In the last section of the workshop, participants learned about a recently proposed Theory Construction Methodology (Borsboom et al., 2021) and took part in an accompanying exercise. They were asked to read a one-pager summarizing crucial elements of the Mood Management Theory, a popular theory in the field of media psychology. Within this text, they should identify statements about phenomena the theory is supposed to explain, data that supported it (or not), as well as the theoretical statements (e.g., premises, propositions) themselves, to increase participants‘ sensitivity in differentiating between these elements in their own work. Lastly, Adrian gave an outlook on how theories can be formalized and how theory construction can be crucially fostered by non-confirmatory research practices.

The workshop was a great and unconventional addition to this year’s series of workshops organized by the Methods Lab. Adrian structured and executed it brilliantly and gave participants – who were associated with various fields of research and very engaged – lots of room for discussions.

We would like to thank Adrian for his thorough and inspiring workshop and hope he will contribute to the Methods Lab program again in the future. In the meantime, we recommend following him on X for updates on his research!

Workshop postponed – Interdisciplinarity in Action: Methods for Fruitful Teamwork

The announced workshop on interdisciplinary (practical) methods has been postponed to 2024 (the exact date and program will be announce in due time, stay tuned). A shorter, slightly modified online version of the workshop will be offered on Friday, 6 October 2023, please contact directly Sara Saba (sara.saba@weizenbaum-institut.de ) or Stephanie Bouré (stephanie.boure@weizenbaum-institut.de) if you are interested in participating.

Workshop Recap: Whose Data Is It Anyway? Ethical, Practical, and Methodological Challenges of Data Donation in Messenger Groups Research (August 30, 2023)

On August 30th, 2023, the Methods Lab and Olga Pasitselska (U of Groningen) organized the workshop on data donation in messaging groups research.
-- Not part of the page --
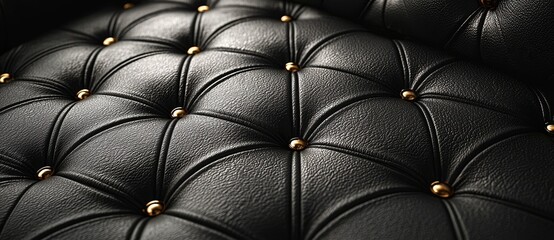 Naklejka premium A luxurious buttoned black leather chair is showcased in this black and white photograph, with its intricate leather detailing exuding sophistication and style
The workshop intended to tackle practical and ethical issues behind data collection, processing, and dissemination in the research of closed messaging groups. We asked four colleagues to share their experiences and struggles and provide their solutions for closed chat groups research. The invited speakers, Sérgio Barbosa (U Coimbra), Katharina Knop-Hülß (HMTMH Hannover), Connie Moon Sehat (Hacks/Hackers), and Julian Kohne (GESIS), paved the way for better conceptualization of messaging groups and application of tailor-made ethical and practical solutions. The workshop allowed for a cross-field discussion of ad-hoc developments in closed groups research and provided many insights for the audience, speakers, and organizers.
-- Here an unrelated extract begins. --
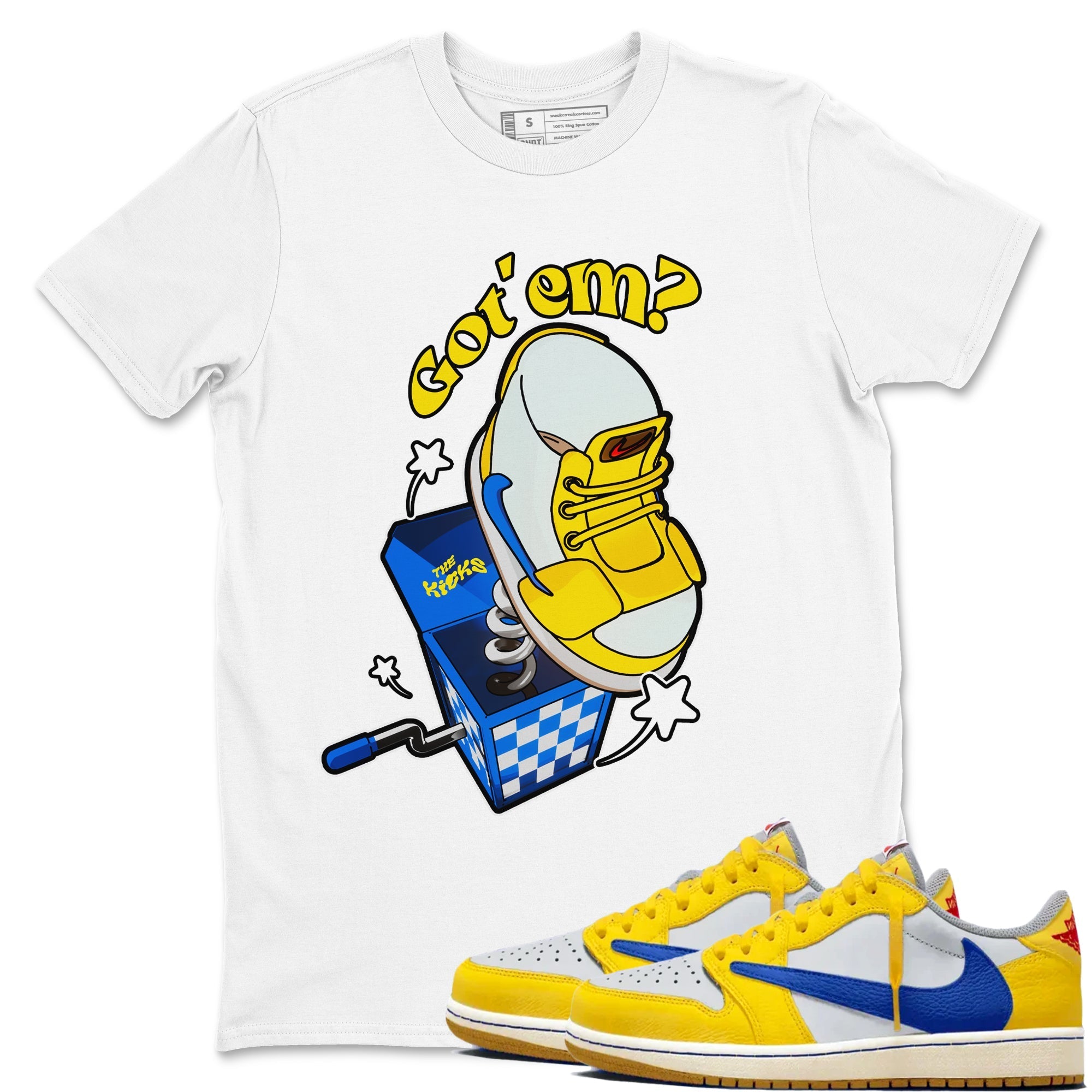 Shoe In The Box Sneaker Tees - Air Jordan 1 Travis Scott Canary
Sérgio Barbosa explained his approach of joining activist WhatsApp groups in Brazil. Sérgio suggested that informed consent cannot be assumed as a one-off solution: instead, one should go beyond the check-list of ethical guidelines and learn by doing and negotiating with the group members. When joining these types of groups, researchers should clearly state the purposes of the research and disclose their identity, and also share the outcome of the research and promote it in the local community as well. Different approaches should be taken, depending on the type of groups: for example, pro-democracy groups and extremist groups should be treated differently, independent of the group size.

Dr. Katharina Knop-Hülß shared insights about studying non-professional secondary groups (e.g., choir, sport, volunteer groups) with her highly unobtrusive and highly invasive research approach of scraping chats’ content. Since these groups were representative of intimate environments of everyday communication, they can be considered as “safe spaces”, closed from the public eye. To account for the sensitive nature of the data collection, Katharina used an opt-in approach, provided pseudonymized chat logs to the participants before they consented to participate, and complied with the requirement not to share this data with anyone beyond the research team, even after the data was pseudonymized.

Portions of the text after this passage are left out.